Course Non-vegetarian
Cuisine Malabar
Prep Time 5 minutes
Cook Time 25 minutes
Total Time 30 minutes
Servings 4
Author Rafeeda

Ingredients

  • 1 kg chicken cut into medium prices
  • 1 tbsp coconut oil
  • 1 cup shallots chopped
  • 2 onions minced
  • 3 green chillies slit
  • 1 tsp ginger paste
  • 1 tsp garlic paste
  • 2 to matoes chopped
  • 1 tsp turmeric powder
  • 1/2 tsp red chilli powder
  • 1/2 tsp Kashmiri red chilli powder
  • 1 tbsp coriander powder
  • 1/2 tsp garam masala powder
  • 1 cup thin coconut milk
  • 1/2 cup thick coconut milk
  • Salt to taste
  • Curry leaves for garnish

Instructions

  • Clean the chicken and keep aside to drain.
  • In a pressure cooker, heat coconut oil.

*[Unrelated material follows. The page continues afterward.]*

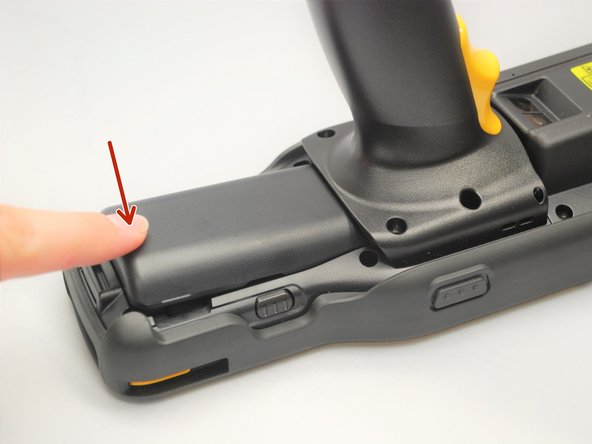 Once the battery pack has slid in all the way, press down on it to lock it in place.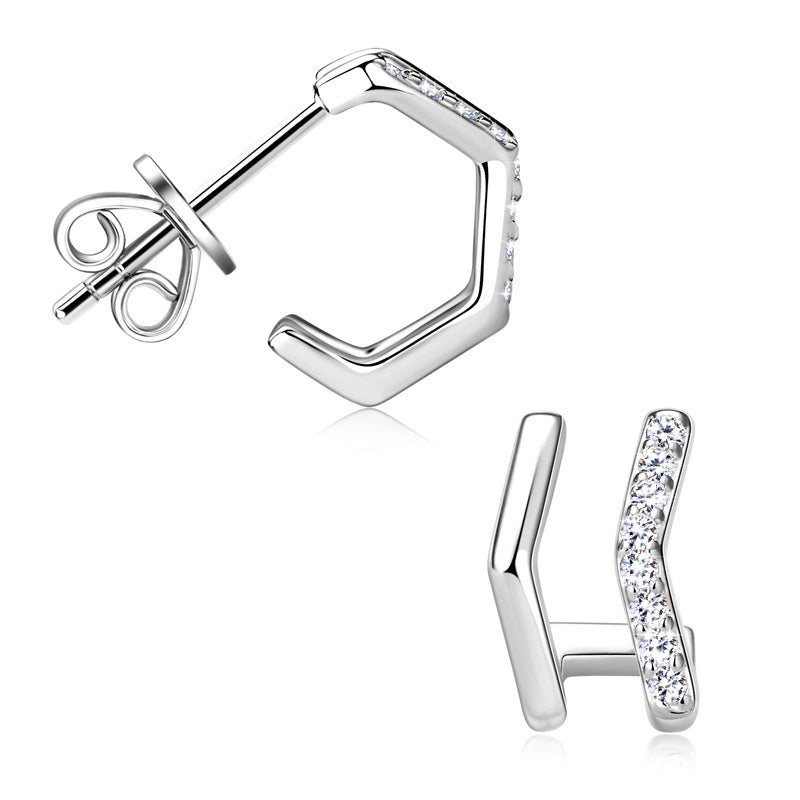 Lightweight gold huggie hoops designed for comfortable daily wear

Add the shallots, onions and green chillies and saute till soft.
  • Add in the ginger and garlic pastes and cook till the raw smell is gone.
  • Add the tomatoes and all the masala powders and cook till the tomato gets mashed up.
  • Add the chicken and the thin coconut milk, give a nice mix.
  • Add salt and cook with the lid on for three whistles. Switch off and allow the pressure to go by itself.
  • Open the lid and keep the flame on simmer. Add the thick coconut milk and cook for 5 minutes. Garnish with curry leaves and serve warm with rice or chapathis!